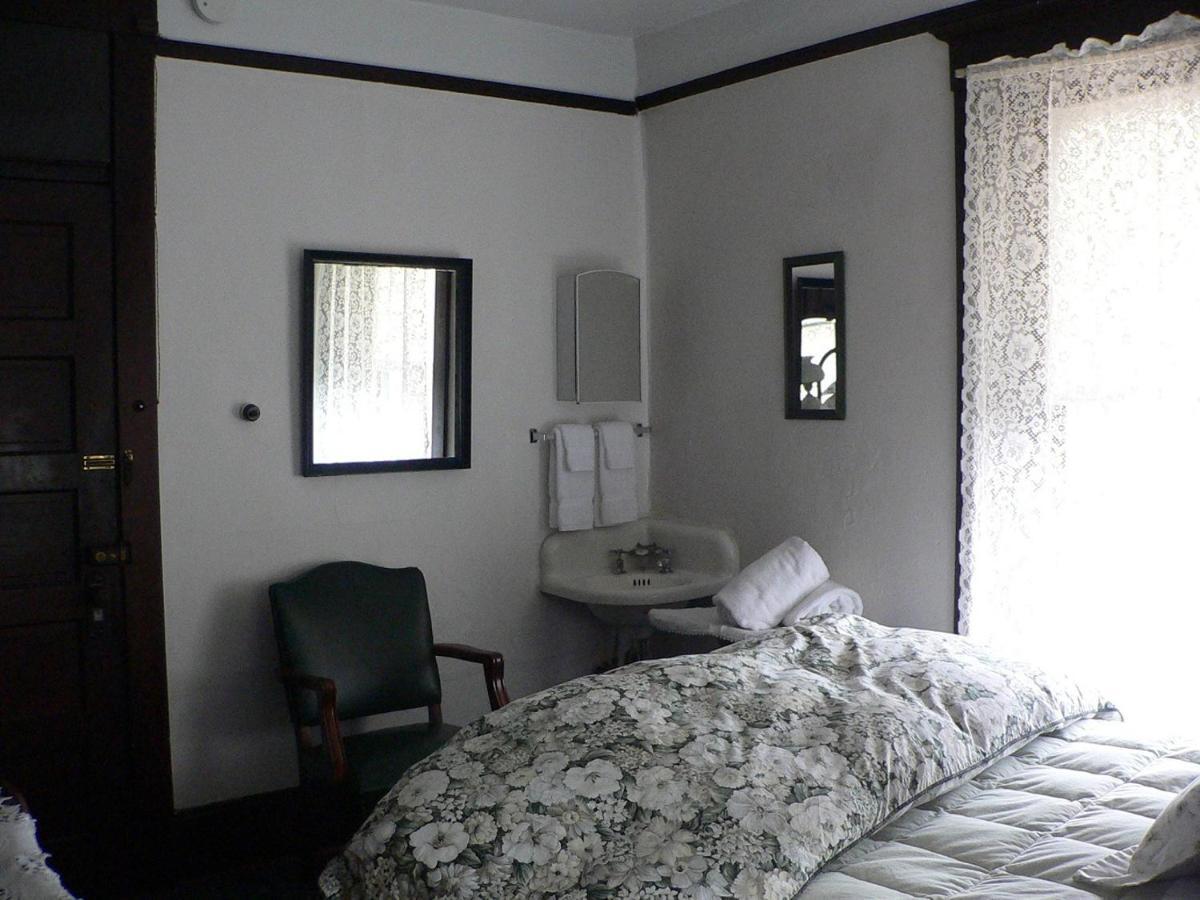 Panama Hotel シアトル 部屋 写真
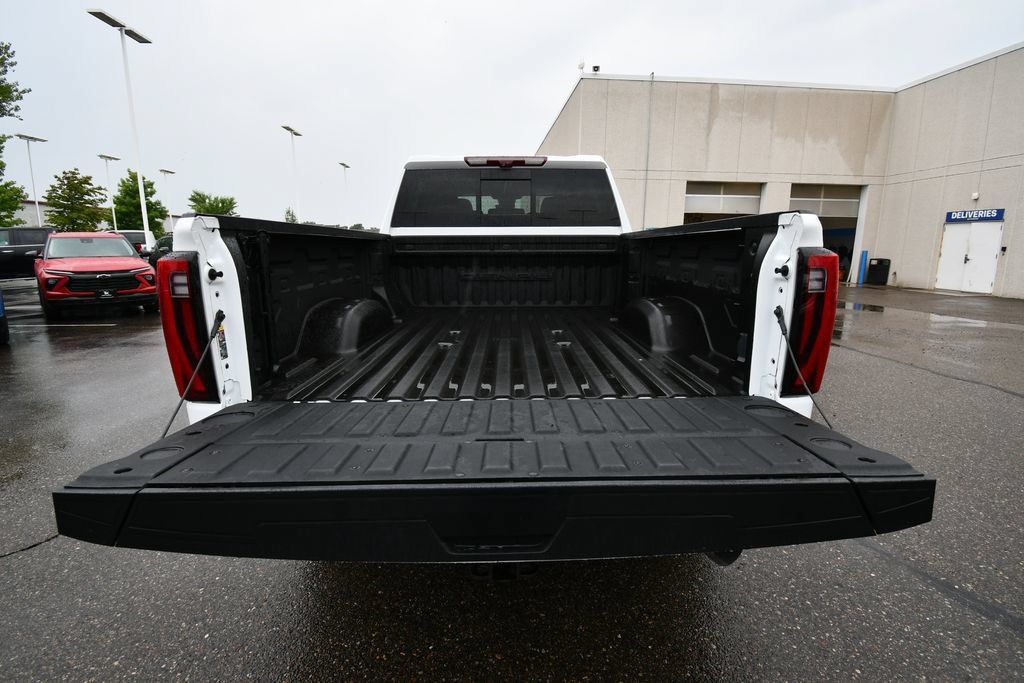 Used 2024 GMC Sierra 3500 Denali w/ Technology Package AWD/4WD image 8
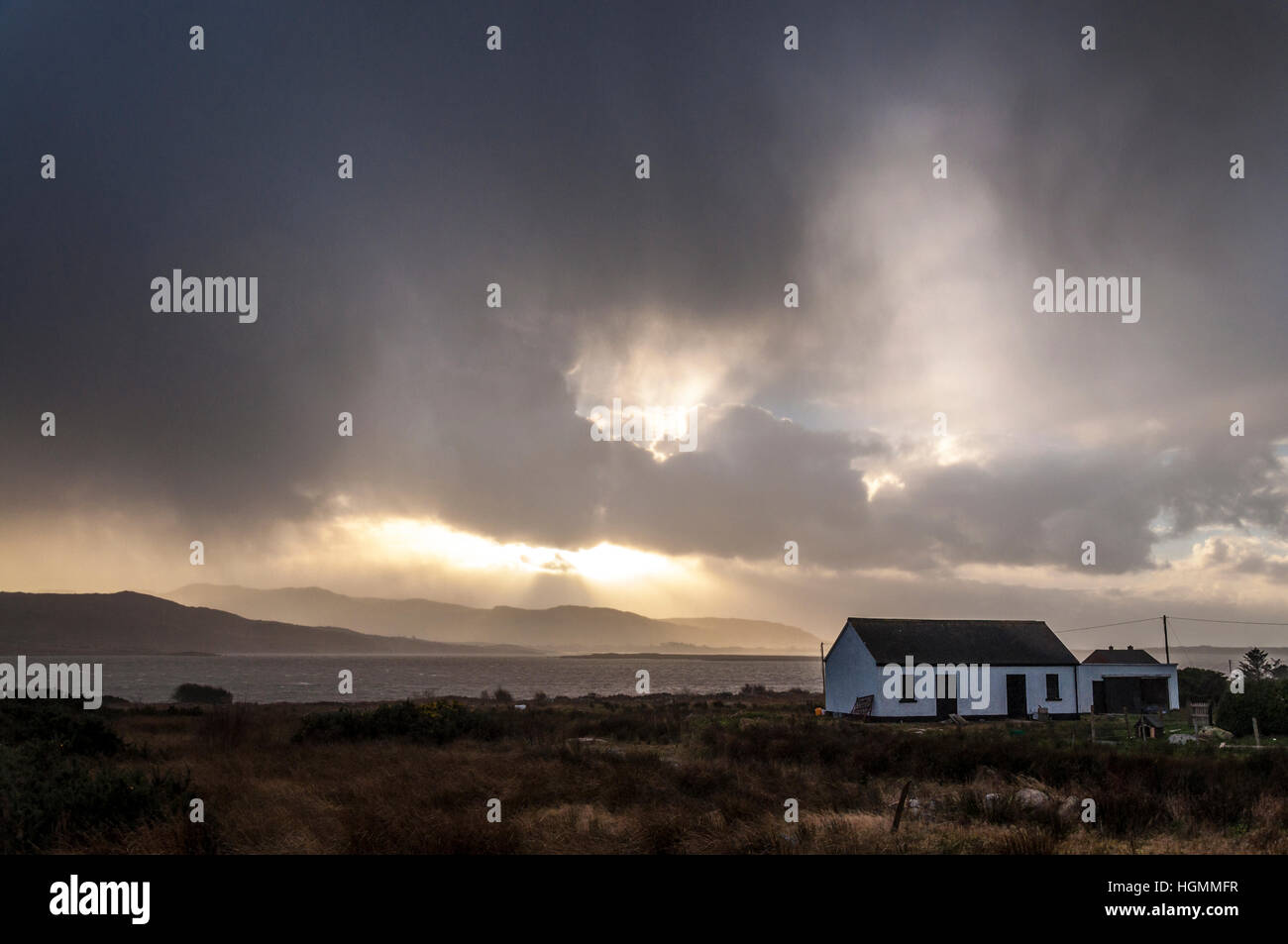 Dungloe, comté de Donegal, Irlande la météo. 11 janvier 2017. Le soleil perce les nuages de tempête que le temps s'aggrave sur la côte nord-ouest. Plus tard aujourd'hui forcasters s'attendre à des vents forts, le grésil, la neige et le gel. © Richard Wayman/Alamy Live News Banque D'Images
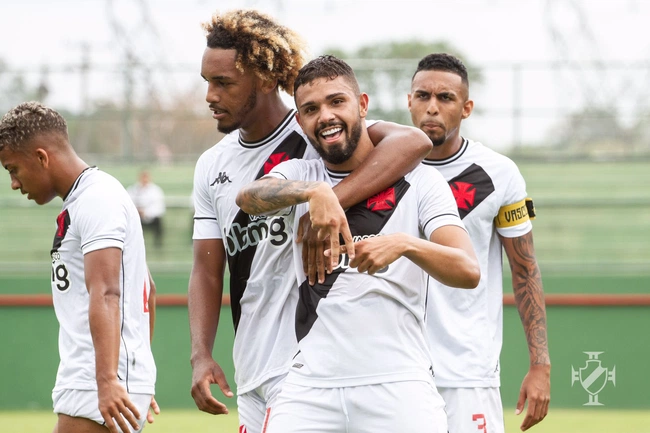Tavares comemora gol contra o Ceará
§ §
→ **WORK ITEM**
Make an exact copy of the listing above. Its pictures are not needed.

→ **RESULT OF THE EXERCISE**
 Panama Hotel シアトル 部屋 写真
 Used 2024 GMC Sierra 3500 Denali w/ Technology Package AWD/4WD image 8
 Dungloe, comté de Donegal, Irlande la météo. 11 janvier 2017. Le soleil perce les nuages de tempête que le temps s'aggrave sur la côte nord-ouest. Plus tard aujourd'hui forcasters s'attendre à des vents forts, le grésil, la neige et le gel. © Richard Wayman/Alamy Live News Banque D'Images
Tavares comemora gol contra o Ceará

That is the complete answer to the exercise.